NEW YORK CITY — May 5, 2020 — J.Crew Group Inc. today announced that the U.S. Bankruptcy Court for the Eastern District of Virginia has granted the company interim approval for all of the first day motions related to its Chapter 11 restructuring. The approved motions will support the company’s ongoing operations during the financial restructuring process.
The court today granted J.Crew Group access to a debtor-in-possession (“DIP”) financing facility of $400 million provided by existing lenders Anchorage Capital Group L.L.C., GSO Capital Partners and Davidson Kempner Capital Management LP, among others, which, combined with the company’s projected cash flows, will support its operations during the restructuring process. The court has also authorized the company to continue paying employee wages and benefits, as well as honor all customer programs, including its loyalty programs, gift cards, returns and exchanges, among others. J.Crew Group will pay vendors for goods and services provided after the filing date on normal terms.

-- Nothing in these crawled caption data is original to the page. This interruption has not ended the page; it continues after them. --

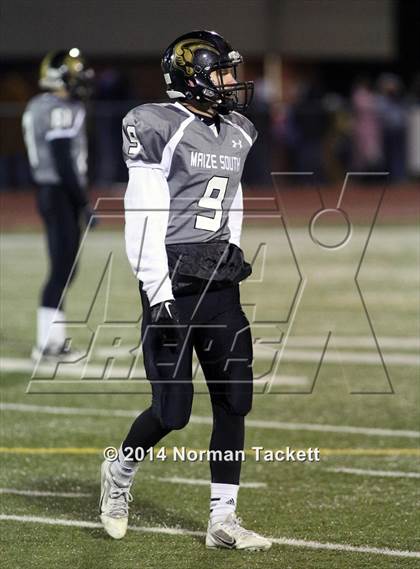 Thumbnail 3 in South vs. Maize South photogallery.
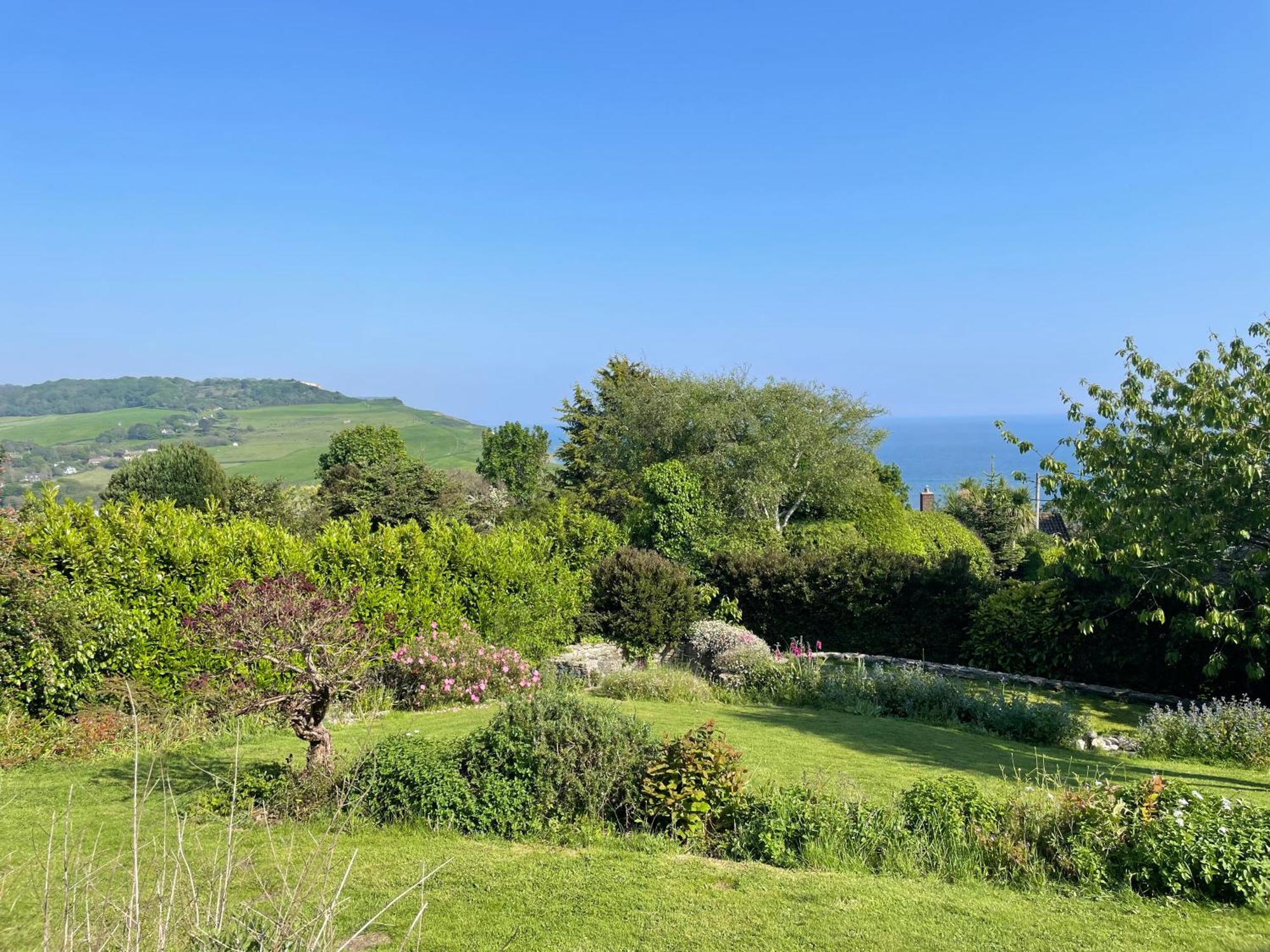 Stunning Charmouth Property With Bay Views! Zewnętrze zdjęcie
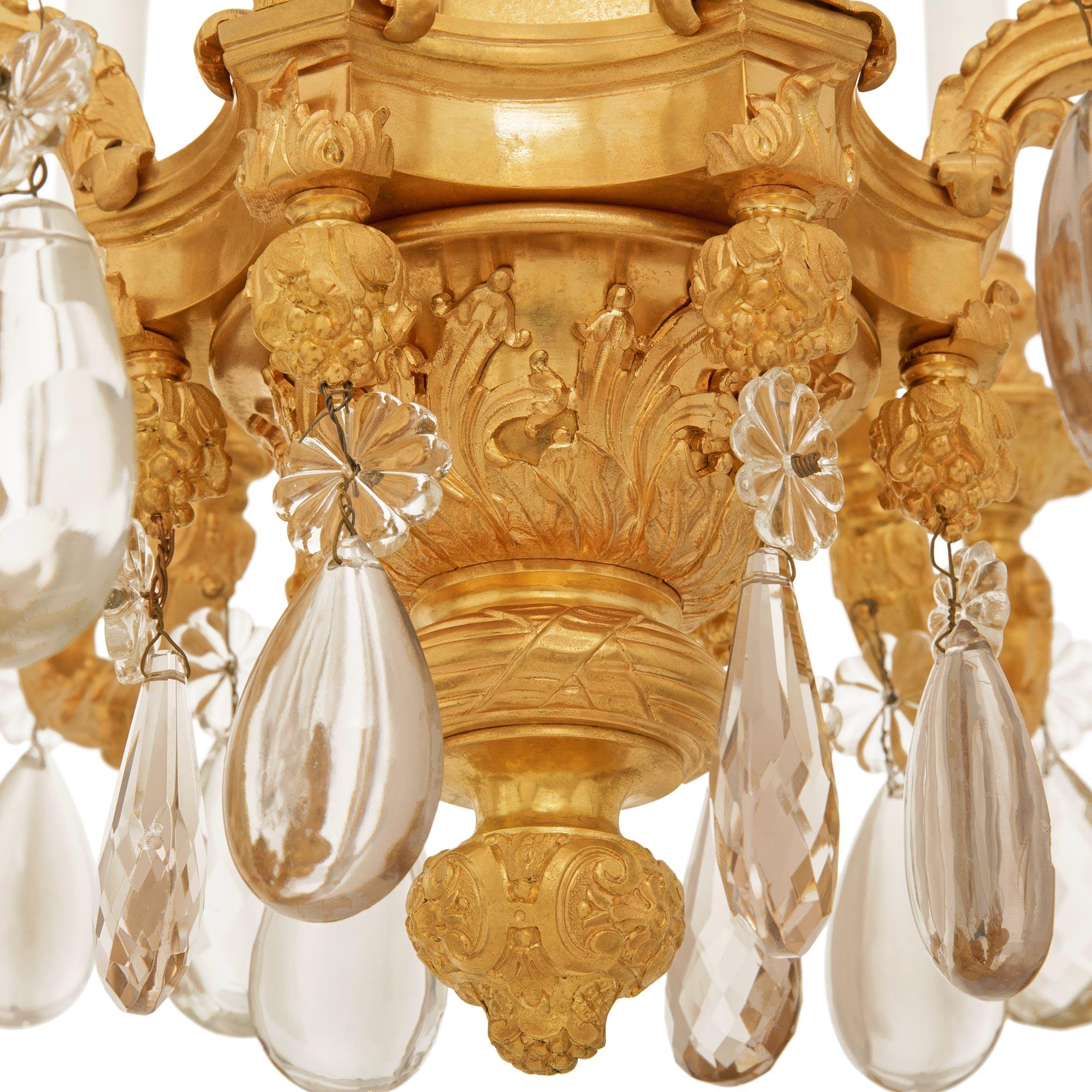 Französischer Kronleuchter aus Ormolu und Baccarat-Kristall aus dem 19. im Angebot 2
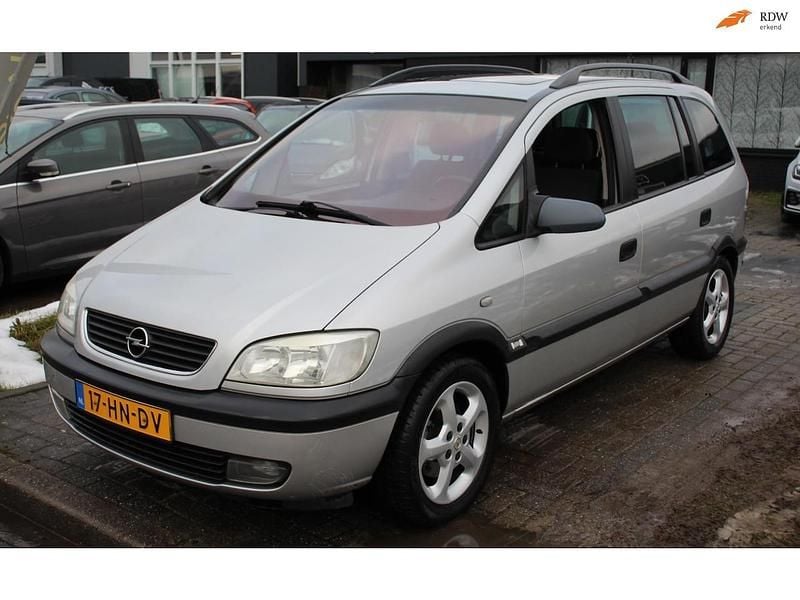 Grijs (metallic) Gebruikt 2001 Opel Zafira Elegance MPV | € 1.450 (Eerlijke prijs) - Afbeelding 1/4
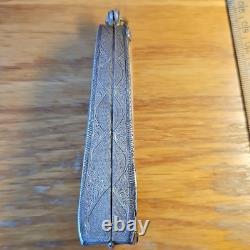 Rare Beautiful Thai Buddha Amulet Phra Roung set in Antique silver case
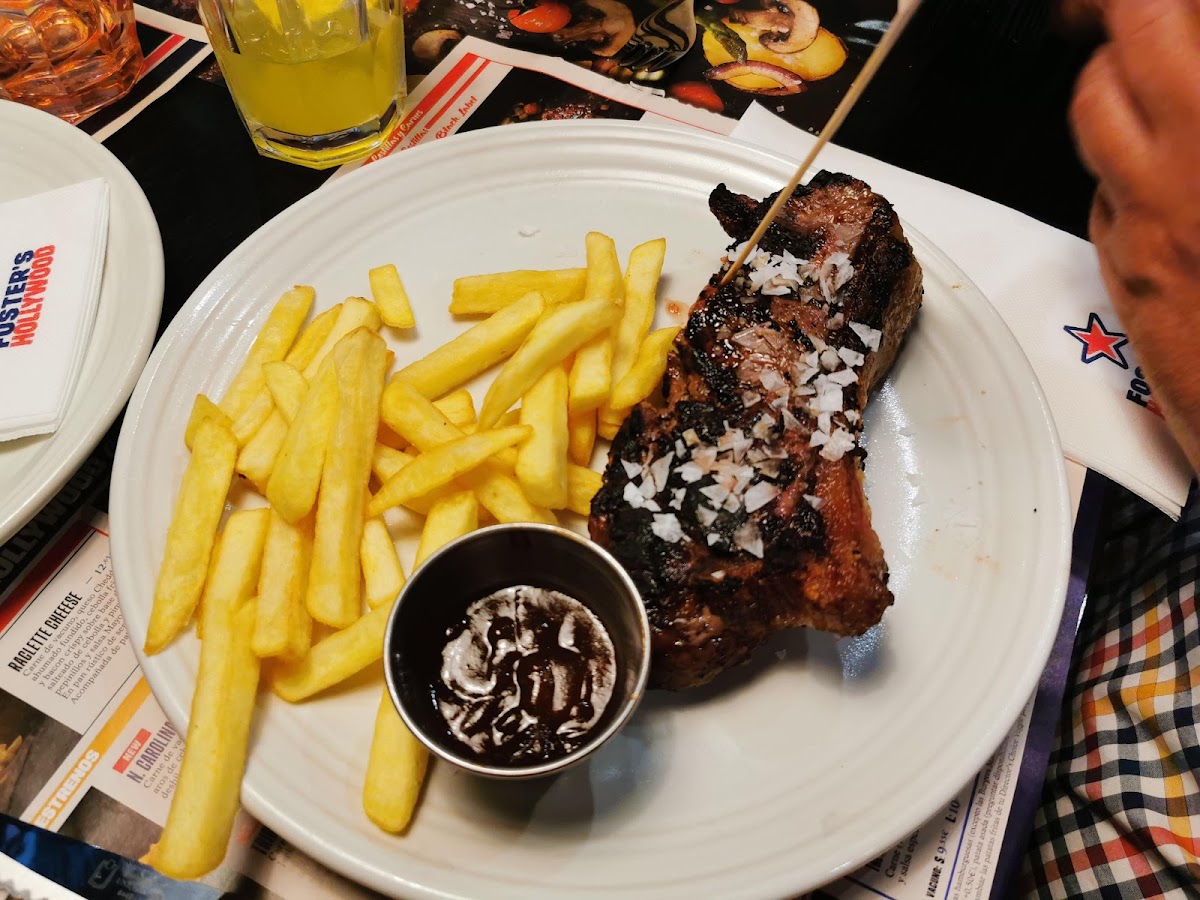 Foster's Hollywood Photo 5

“The Court’s approval of our first day motions is an important step in our financial restructuring. At J.Crew Group, our customers are at the center of everything we do, and during this process this commitment doesn’t change. We remain fully operational, providing our customers with the iconic items they love and the great service they expect,” said Jan Singer, CEO, J.Crew Group. “Solidifying our financial foundation enables us to emerge healthier and stronger, positioning our business and brands to thrive for years to come. I would like to thank our associates, customers, vendors and partners for their continued support as we look to complete our restructuring as quickly as possible.”
As previously announced, on May 4, 2020, J.Crew Group reached an agreement with its lenders holding approximately 71% of its Term Loan and approximately 78% of its IPCo Notes, as well as with its financial sponsors, under which the company will restructure its debt and deleverage its balance sheet, positioning J.Crew and Madewell for long-term success. Under the terms of the Transaction Support Agreement (TSA), the company’s lenders will convert approximately $1.65 billion of the company’s debt into equity. To facilitate the restructuring contemplated by the TSA, the parent company of J.Crew Group Inc., Chinos Holdings Inc. and certain affiliates, commenced a prearranged Chapter 11 filing in the U.S. Bankruptcy Court for the Eastern District of Virginia.
For additional information about J.Crew Group’s restructuring, including access to Court filings and other documents related to the court-supervised process, please visit www.omniagentsolutions.com/chinos, call (866) 991-8218 (U.S. & Canada) and (818) 924-2298 (for tolled international calls), or email firstname.lastname@example.org.
Weil, Gotshal & Manges LLP is serving as legal counsel, Lazard is serving as investment banker and AlixPartners is serving as restructuring advisor to J.Crew Group Inc. Anchorage Capital Group and other members of an ad hoc committee are represented by Milbank LLP as legal counsel and PJT Partners LP as investment banker.